▸ **What is needed**
Every line below from the one containing "Pèse personne électronique" through the one containing "Boys’ Classic Black" is to be printed exactly, with the pictures omitted.

▸ **Given records**
▼
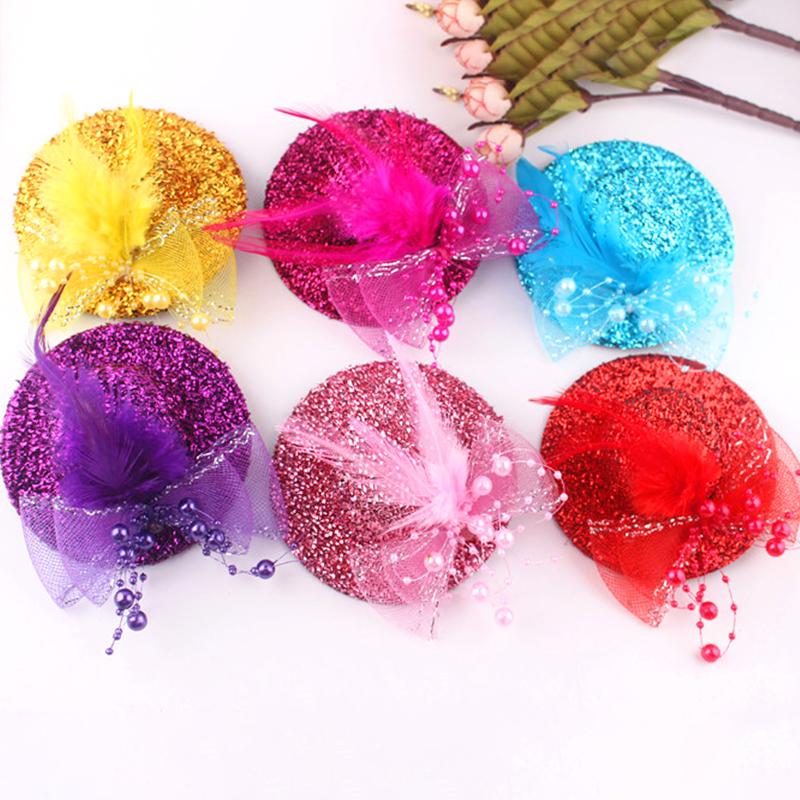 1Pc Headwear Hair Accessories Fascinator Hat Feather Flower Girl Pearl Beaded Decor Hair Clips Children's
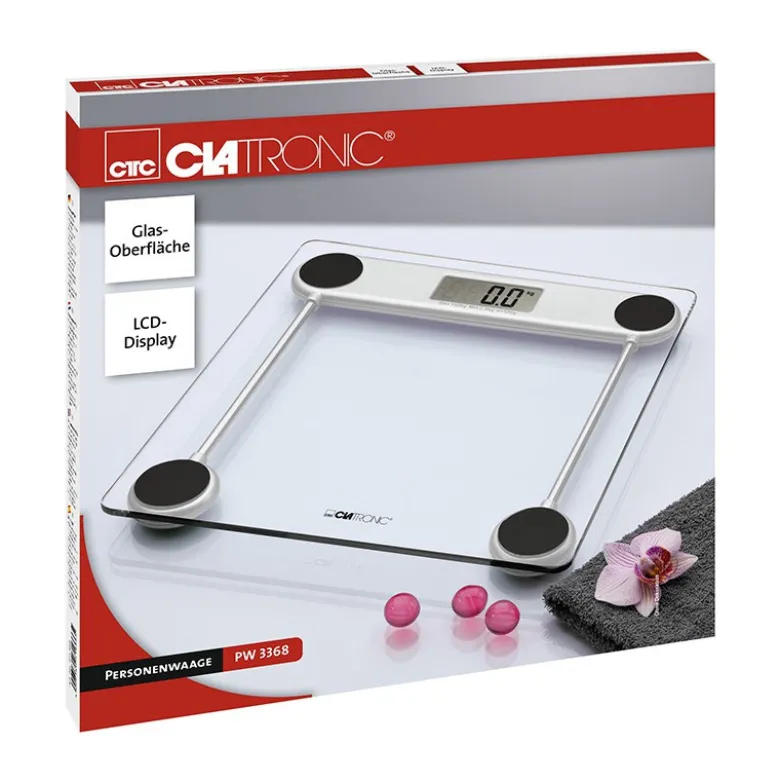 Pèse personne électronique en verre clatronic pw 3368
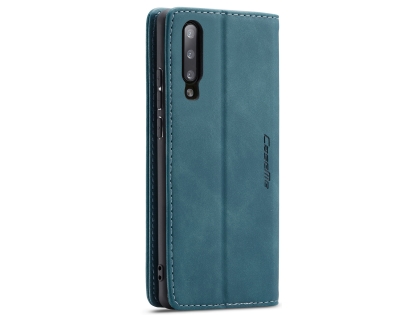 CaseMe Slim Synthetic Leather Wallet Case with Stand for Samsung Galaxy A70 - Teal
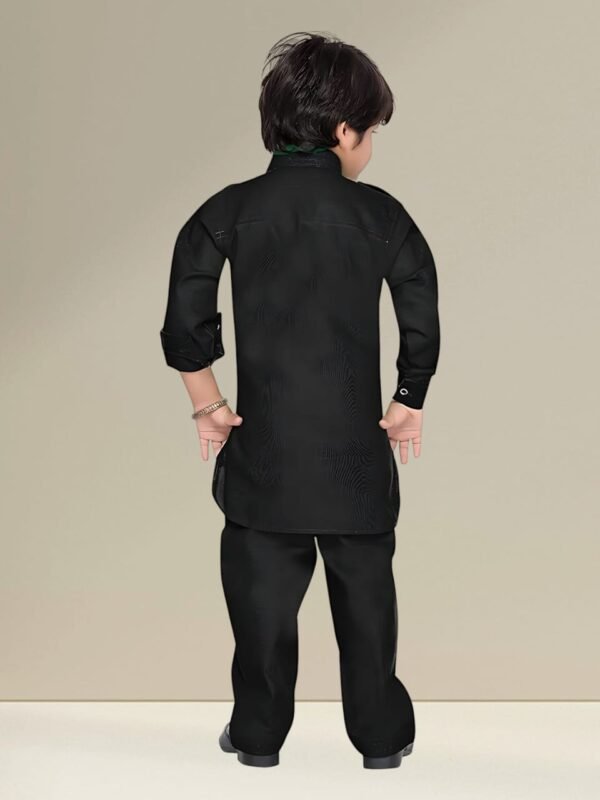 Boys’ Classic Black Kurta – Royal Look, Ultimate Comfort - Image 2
▲
▼
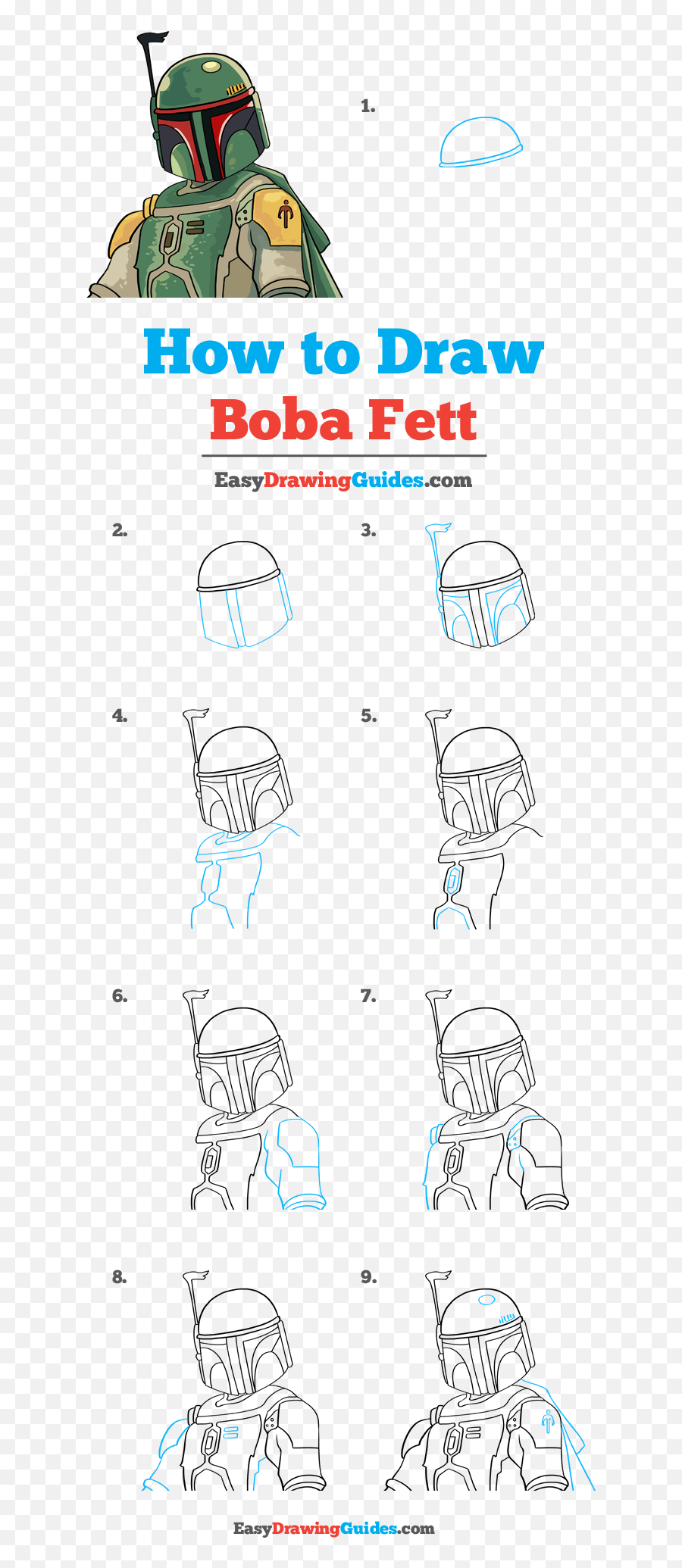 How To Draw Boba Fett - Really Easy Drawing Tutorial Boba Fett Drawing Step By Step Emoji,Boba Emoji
▲
▸ **Reply to the task**
 Pèse personne électronique en verre clatronic pw 3368
 CaseMe Slim Synthetic Leather Wallet Case with Stand for Samsung Galaxy A70 - Teal
 Boys’ Classic Black Kurta – Royal Look, Ultimate Comfort - Image 2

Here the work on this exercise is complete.